Buffer selection is critical for accurate CD measurements. Solvent absorbance can severely interfere with the CD signal. Many commonly used buffers and additives absorb in the far UV region used for CD measurements.

  • The ideal CD experiment is performed in a buffer:
    • in which your protein is well behaved and soluble
    • with no buffer absorbance through the range of the CD spectrum.
  • Always take a scan of your buffer blank to determine whether absorbance interferes with your region of analysis.
    • Ensure that the buffer blank is well matched to the final dilution of your protein (even trace amounts of some solvents will interfere with the CD measurements).
  • Phosphate buffers with little-to-no NaCl are recommended. 10 mM phosphate buffer is ideal.
  • Ideal aqueous solutions contain as little chloride as possible.
    • NaCl and Tris buffers are not recommended but can be tolerated at low concentrations. 
    • If salt is required, SO42- or F- are preferred counter ions, as they are transparent in the far UV. Potassium fluoride may be a good substitute for chloride-containing salts.
    • Chloride ions will result in a loss of signal below about 200±5 nm, which affects secondary structure estimation, but generally will not block detection of the alpha-helical peaks (208 nm and 222 nm) or the beta-sheet peak (218 nm).
  • DTT, ß-ME, or EDTA can be present at low concentrations (1 mM).

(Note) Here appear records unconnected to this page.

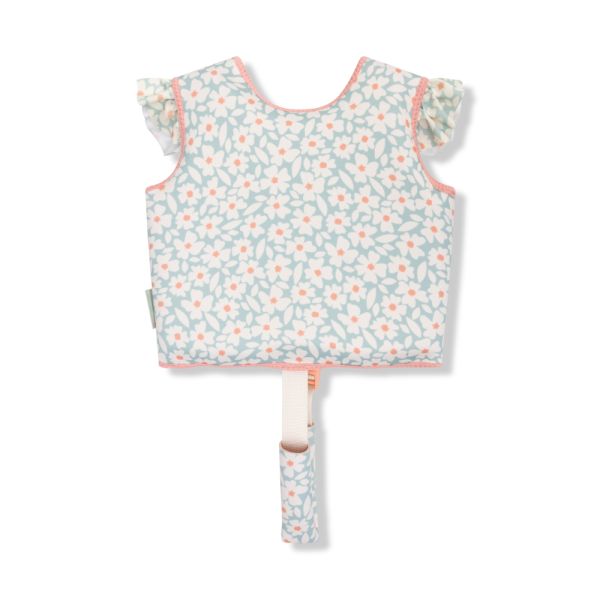 Gilet de natation enfant 3-6 ans - fleurs vertes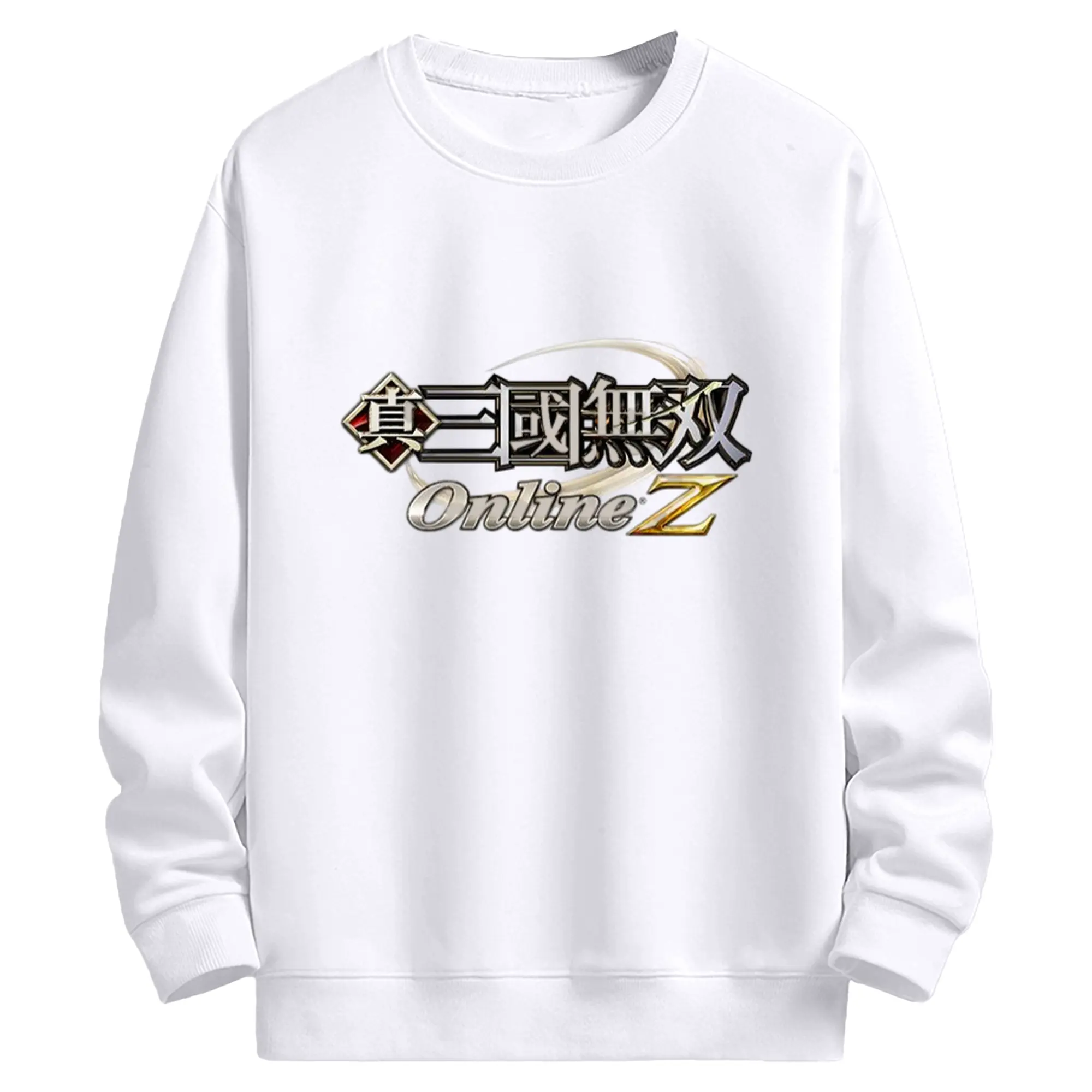 期間限定 コーエー（KOEI）真・三國無双 コレクション - 高品質 クルーネック スウェット ・ コットン59％ ポリエステル41％ ・ ユニセックス 長袖 トレーナー ・ カジュアル デイリー スポーツ 散歩用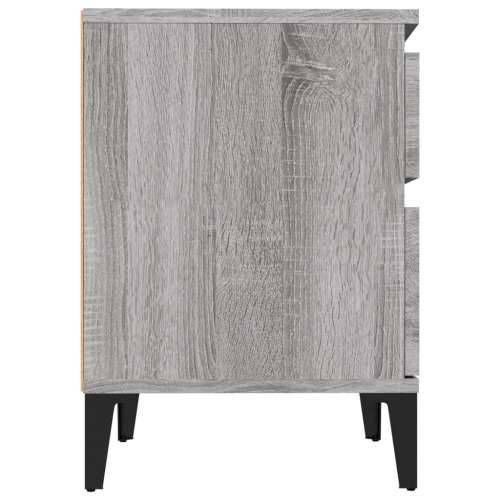 Noćni ormarići 2 kom boja dimljenog smeđi 40x35x50 cm - Sivi hrast sonoma 2 1 Cijena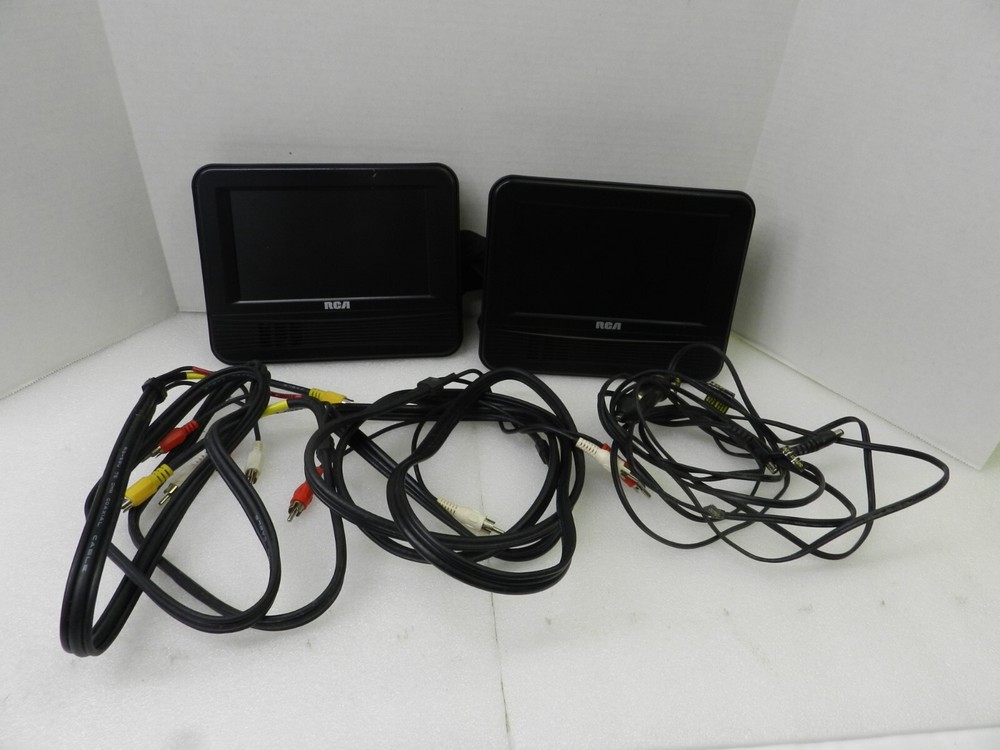 RCA DRC69705E Portable Car 2 Monitors And Cables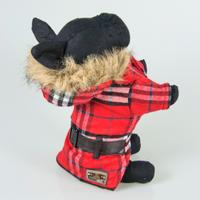 Giubbotto cane scozzese rosso con cappuccio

  • Some detergents are fairly transparent in the far UV (e.g. Chaps and octylglucoside). Triton detergents should be avoided, as they can oxidize readily and form UV-absorbing materials.

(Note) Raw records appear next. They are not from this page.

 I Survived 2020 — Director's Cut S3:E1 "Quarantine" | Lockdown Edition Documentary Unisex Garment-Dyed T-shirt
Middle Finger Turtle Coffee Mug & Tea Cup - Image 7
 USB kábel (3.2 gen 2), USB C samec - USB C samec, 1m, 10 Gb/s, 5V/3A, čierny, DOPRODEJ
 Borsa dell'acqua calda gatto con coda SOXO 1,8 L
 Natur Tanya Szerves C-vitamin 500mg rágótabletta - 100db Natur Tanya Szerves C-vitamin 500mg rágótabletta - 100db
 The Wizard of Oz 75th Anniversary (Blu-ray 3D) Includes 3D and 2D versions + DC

  • DMSO, formamides, and imidazole absorb strongly in the far UV region, and thus should be avoided in a CD experiment.

Samples

  • An accurate protein concentration is required for all CD experiments.
    • Over-estimating or under-estimating the protein concentration interferes with signal
    • Algorithms that estimate secondary structure depend on correct protein concentrations
  • The amount of sample required for a CD experiment depends on the size, cuvette pathlength and type of measurement being performed.

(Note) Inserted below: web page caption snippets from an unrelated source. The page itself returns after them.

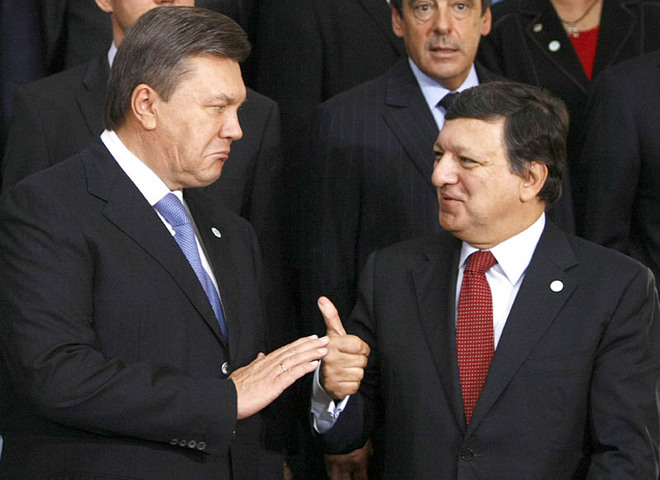 Виктор Янукович и президент Еврокомиссии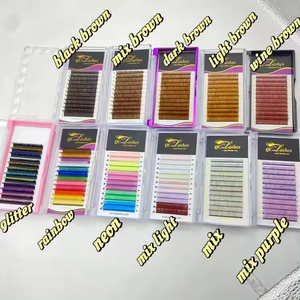 ส่วนบุคคลสีน้ําตาลแคชเมียร์ขนตาขยายปริมาตรถาด 0.05/0.07 กาแฟสีน้ําตาลขนตาถาดฉลากส่วนตัวขนตามิงค์ต่อขนตา - Product Image 4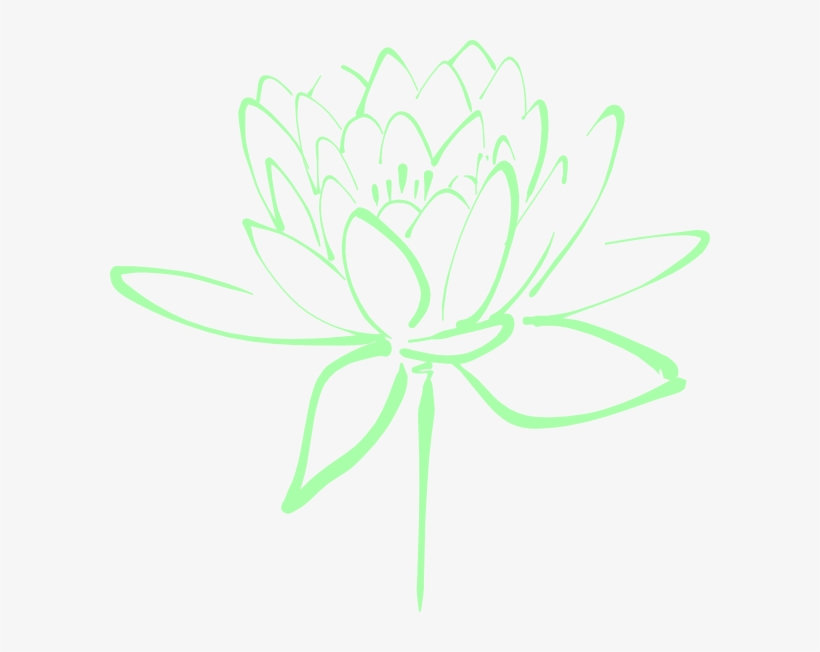 Floral Clipart Mint Green - Mint Green Flower Clip Art, transparent png #584697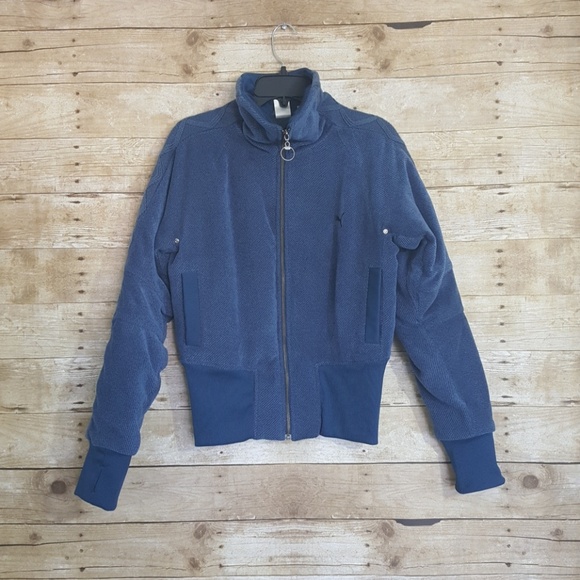 Puma Jackets & Blazers - Puma Sweater Buffer Jacket dark teal/ cobalt blue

  • 1 mm pathlength cuvettes holds 300 µl and a 1 cm cuvette holds 3 ml.
  • Required protein concentration is inversely proportional to the cuvette pathlength, and thus a 1 mm path cuvette requires 10x the concentration of a 1 cm cuvette.
  • Recommended concentrations for Far-UV measurements of protein secondary structure are (Jasco J-1500):
    • 0.1 mg/mL in 1 mm path cuvette
    • 0.01 mg/mL in 10 mm patch cuvette
    • Mol/L=115/(MW*7000)*10/pathlength(mm).
    • If possible, make a concentrated stock solution of your protein (at least 2X) and dilute as needed. Protein requirements vary with secondary structure, as alpha-helical proteins have a stronger signal than beta-sheet proteins.
  • Protein aggregates can interfere with the CD signal.
    • Assess protein heterogeneity via light scattering.
    • Purify protein samples with soluble aggregates by size-exclusion chromatography.
  • Samples can be recovered from the cell. This is not recommended for thermal melts, unless you know your thermal denaturation is reversible.